Robert Go, Jakarta – Taking his case directly to the people after Friday prayers in Jakarta, President Abdurrahman Wahid made his strongest appeal yet for a review of 1966 parliamentary decrees banning the communist ideology in Indonesia. "The spirit of this regulation infringes on someone's basic rights without clear justifications," he said.
This is why he has been advocating that the country's lawmakers re-examine not only the edict in question, but also events preceding its enactment.
Displaying his background as a revered Muslim cleric, the President used personal anecdotes and the Quran to drive home his arguments. One of his statements – "that God judges a man by deeds and faith" and not by membership in the Indonesian Communist Party – seemed to be a direct challenge to prominent clerics who had voiced objections to a repeal of the ban on the basis that communism was anti-Islam and promoted atheism.
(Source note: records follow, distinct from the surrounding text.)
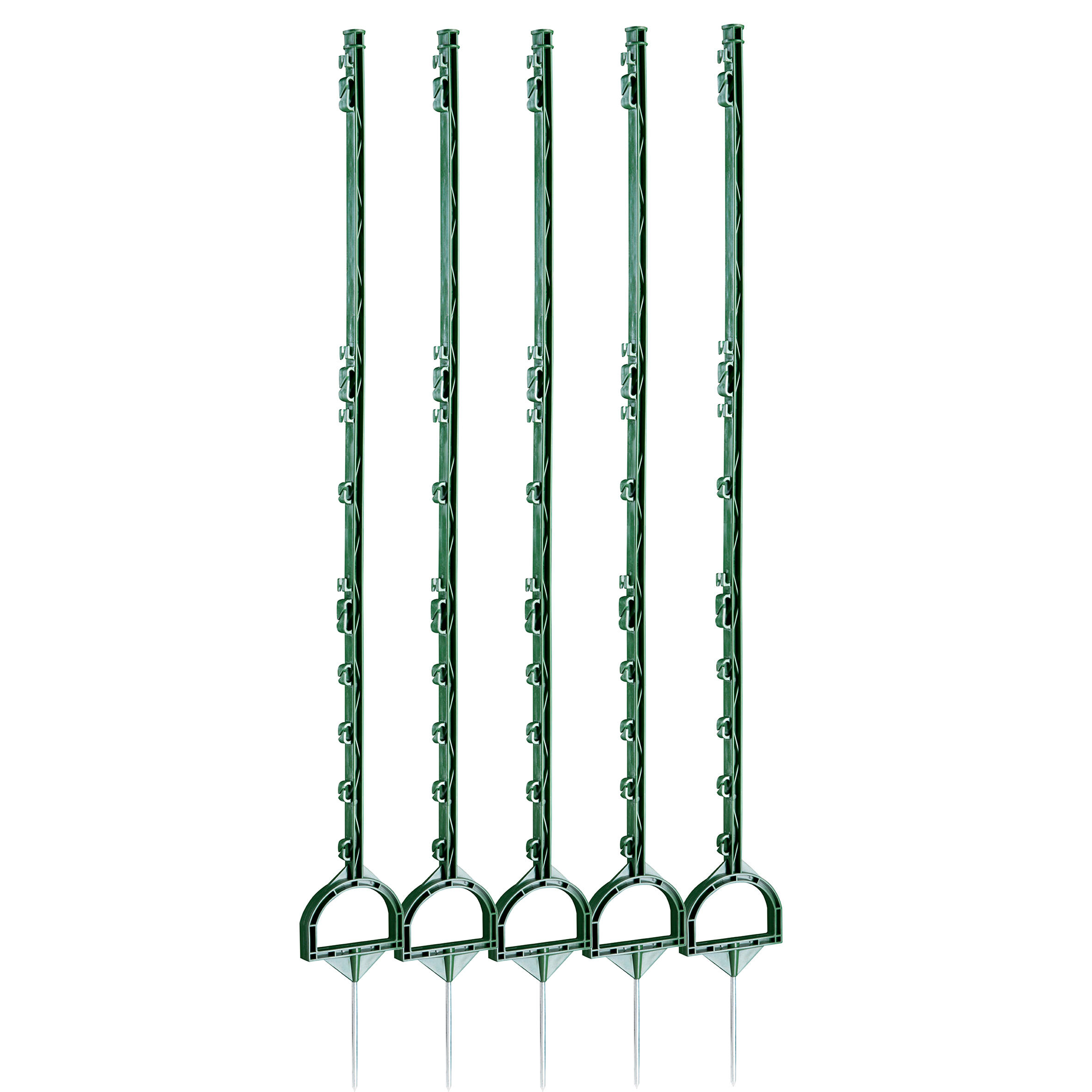 AKO Plastic Horse Riding Fencing Posts 160 cm 5-Pack - Green Stirrup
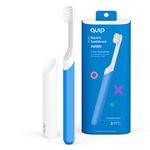 Quip Sonic Toothbrush for Kids - Timed Electric Toothbrush with Small Replaceable Brush Head - Soft Bristles, Rubber Handle, 3 Month Battery Life - Travel Toothbrush - Blue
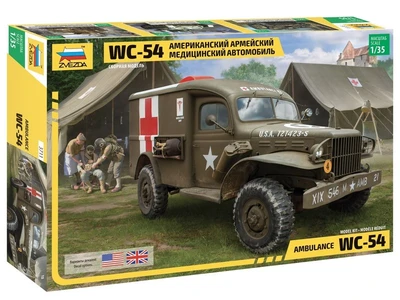 3711  техника и вооружение  Американский армейский автомобиль WC-54 Медицинский  (1:35) 2000002179825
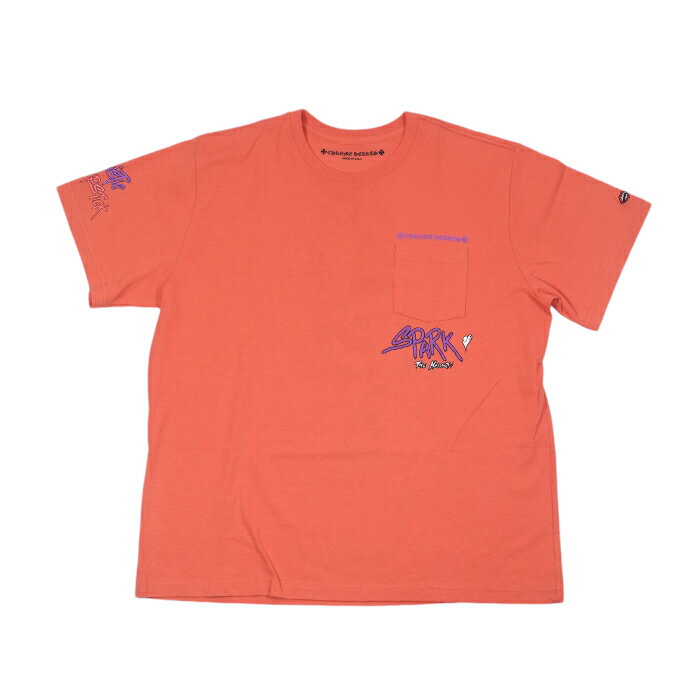 クロムハーツ(chrome hearts) PPO SPARK THE HEART T-SHRT MATTY BOYプリントスパークザハートTシャツ XXL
In recent weeks, Mr Abdurrahman has stepped up his campaign to revisit Indonesia's history with communism. Two weeks ago, he made a televised request directed at the military, urging a reopening of its case files on the September 1965 attempted coup which was blamed on the Communist Party and anti-communist hunt which some said claimed more than 500,000 lives.
Since then, he has opened a national dialogue by incorporating the issue into his public addresses. "The original 1945 Constitution guaranteed the rights of each citizen to hold every ideology in this country," he said at the opening of the Indonesian Democratic Party-Perjuangan (PDI-P) congress last week.
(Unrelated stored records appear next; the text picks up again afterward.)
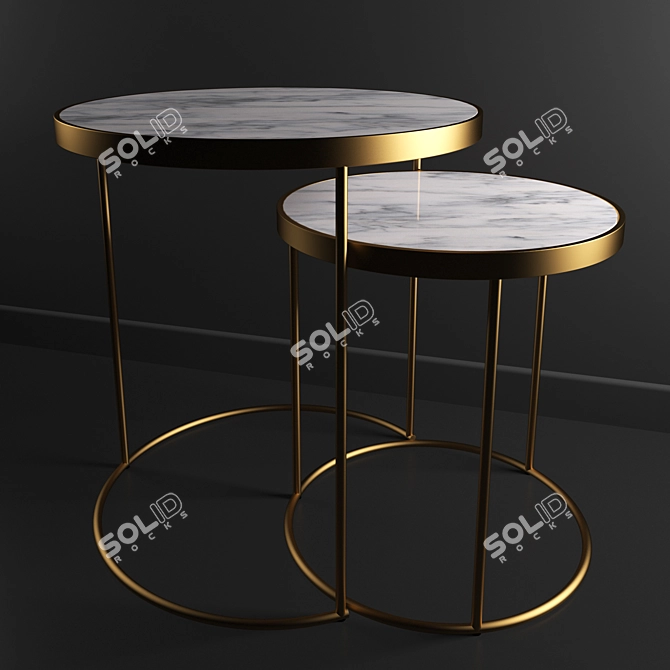 ZARA Home Coffee Table | 3D Model 3D model image 1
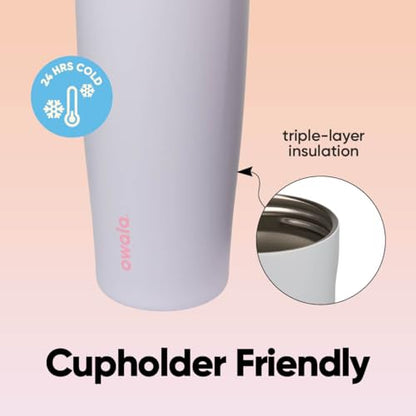 Owala FreeSip Sway Stainless Steel Water Bottle 30 oz Beach House - color: Beach House, size: 30 Ounces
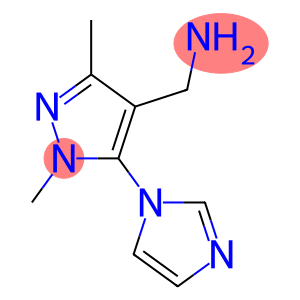 [5-(1H-imidazol-1-yl)-1,3-dimethyl-1H-pyrazol-4-yl]methanamine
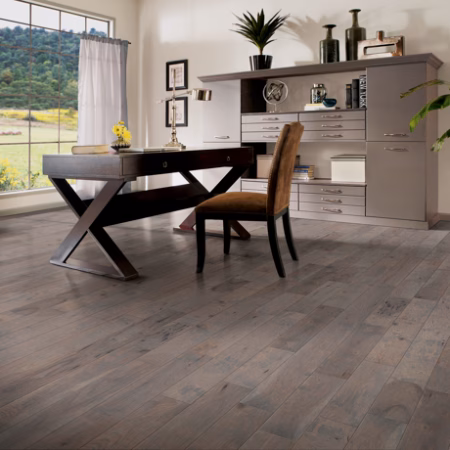 Hartco American Scrape Summer Memory hardwood flooring installed in a room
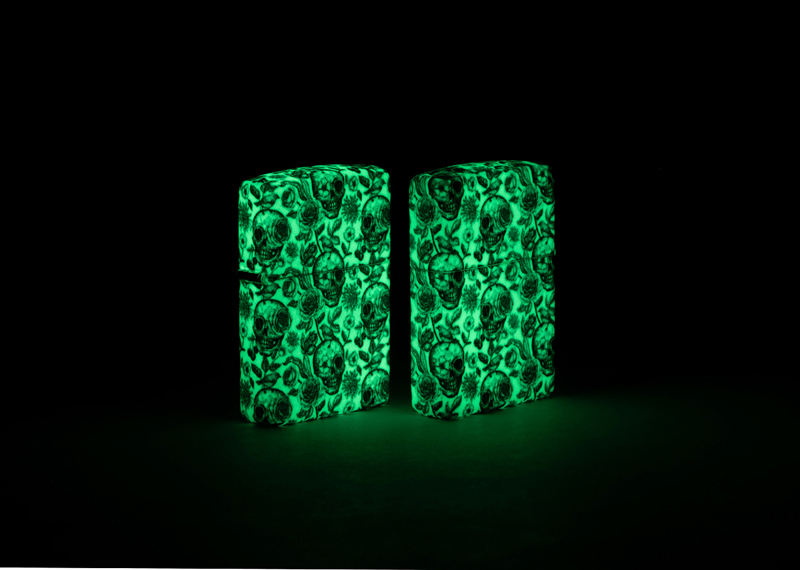 Зажигалка Skeleton Glow in the Dark Green ZIPPO 49458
Opposition to his intentions comes not only from religious figures, but also from within his Cabinet. "In my opinion, the decree should be maintained," Law Minister Yusril Ihza Mahendra told reporters before a Cabinet meeting yesterday. Mr Yusril, who heads the Islamic Crescent Star Party, joins a growing pool of political leaders who warn that lifting the ban will shake the country's fragile stability.
But some academics take a different view of Mr Abdurrahman's efforts – including his public apology to the victims of the 1965 massacre. They argue that Indonesia's progress towards democracy depends on protection of all ideologies, including communism.
Political analyst Soedjati Djiwandono wrote in The Jakarta Post: "The public apology was the right step towards a long and probably painful process of national reconciliation."
Mr Rufinus Lahur, an analyst at the Centre for Strategic and International Studies, indicated that Mr Abdurrahman's conciliatory remarks on communism not only served to firm-up the fledgling roots of democracy here, but was also a message to the rest of the world.